From the first line to the last, copy the material word for word; pictures stay out.
[[ Provided material open ]]
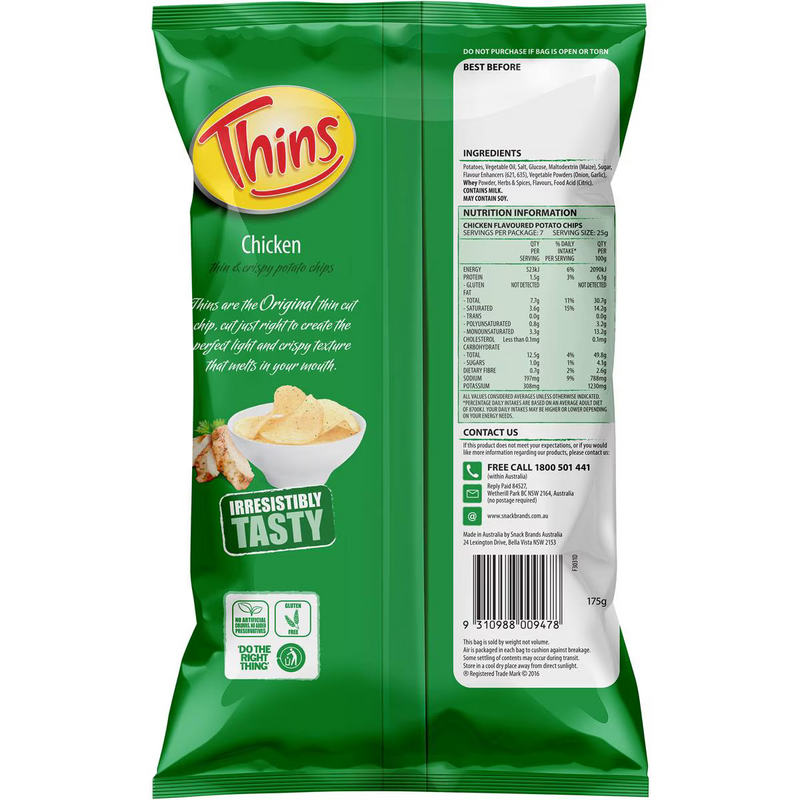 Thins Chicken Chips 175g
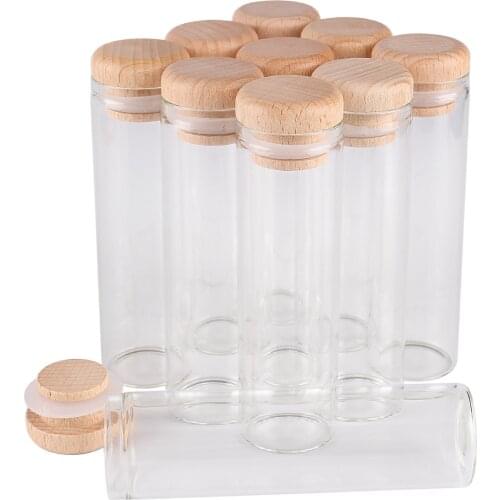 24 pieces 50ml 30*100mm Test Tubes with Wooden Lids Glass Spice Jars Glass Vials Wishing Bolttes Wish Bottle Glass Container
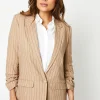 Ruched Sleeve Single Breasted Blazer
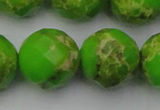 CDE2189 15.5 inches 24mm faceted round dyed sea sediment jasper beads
[[ Provided material closed ]]
## Exercise response
 Thins Chicken Chips 175g
 24 pieces 50ml 30*100mm Test Tubes with Wooden Lids Glass Spice Jars Glass Vials Wishing Bolttes Wish Bottle Glass Container
 Ruched Sleeve Single Breasted Blazer
 CDE2189 15.5 inches 24mm faceted round dyed sea sediment jasper beads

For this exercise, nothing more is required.